Hands-down. Headset-up. Half-Life: Alyx is the best way to experience the series. VR fills what’s missing in past games. That added depth, mastery of physics and survival helped Valve realize their vision. Hell, Valve even made their own SteamVR platform to universally play experiences on PC. This ecosystem would lead to the creation of the Valve Index, designed with a proper virtual reality experience for players. It’s a level of consideration I’ve never seen out of a AAA studio for virtual reality. Need I remind you that Half-Life: Alyx is told with full length levels. VR players are given more than enough time to soak the world in. Like any great AAA VR game, it replicates the franchise’s past installments. Same game. Same spirit. Same elements. But with made-for-VR love.
Of course, setting a high bar means many others will try and fail. This became the recent cases for Sniper Elite VR and Medal of Honor. Both were made to capitalize on an idea: If a AAA giant like Valve can give their classics the VR treatment, then why can’t we?Such ambitious projects stumbled, because many studios didn’t go the lengths Valve did before baking their first major VR game. Again, unlearning that traditional development that only worked with flat TV presentation.
Admittedly, it’s hard to replicate the success of Half-Life: Alyx. The biggest difference being that Valve meticulously studied VR technology. In the process, find out what works best for VR players. Then reinvent things with a VR game and Index headset (featuring fancy finger tracking).
I’m not too worried about a AAA developer like Capcom building their first true VR game.
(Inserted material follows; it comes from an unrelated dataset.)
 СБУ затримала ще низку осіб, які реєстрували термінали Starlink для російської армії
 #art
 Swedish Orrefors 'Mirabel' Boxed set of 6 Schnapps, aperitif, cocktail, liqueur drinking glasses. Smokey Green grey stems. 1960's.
Resident Evil 4 has a strange way of working on every device. Earlier in 2021, Capcom announced the cult classic survival horror game would hit VR. It’s not exactly the remake fans were hoping for. But VR players aren’t stopping Resident Evil 4 from bringing life-sized chainsaw murderers and river monsters. The difference is that Capcom won’t be taking it upon themselves. Neither are they unlearning in order to make VR games properly. That job falls to Armature Studios and Oculus themselves.
The virtual reality ecosystem isn’t dominated by familiar AAA studios. In fact, they only make up a small portion of VR game makers. That’s because made-for-VR developers were born with that same technology in mind. Following the birth of the Oculus Rift in 2012, its parent company would create exclusive games. Obviously, Oculus Studios would take full advantage of the VR console it created. Vader Immortal, Robo Recall, Asgard’s Wrath and Lone Echo are a few heavy hitting games published by Oculus themselves. It’s delightful to think that VR’s AAA library isn’t coming from the industry’s biggest studios.
But Capcom respects VR enough to not dismiss the experts. Resident Evil 4 for the Oculus Quest 2 is an exclusive. This suggests Capcom is giving the main VR developers the keys to Resident Evil 4. As shown in early demos, the VR version takes advantage of Quest 2’s controls. The scary world is bound to be life-sized. Players aren’t pushing buttons for interactions anymore. Instead, it’s as realistic as opening a drawer to collect bullets. Then using your main hand to draw a weapon. Before naturally loading shells into a 12 gauge chamber. Lastly, aiming down the sights for approaching zombies. According to Oculus, its development is focused on making “interactions smooth, satisfying and responsive.”
This is a level of care best left with made-for-VR developers. Studios like Valve became their own experts by reverse engineering VR for the better. It was a major step which put Half-Life: Alyx up the AAA pedestal. Capcom smartly approaches Resident Evil 4 VR in a similar fashion. They’ve barely scratched the surface for a platform ahead of its time. But it’s important to see such AAA studios let go of traditional game design. Unlearning, before diving into VR with a shared perspective.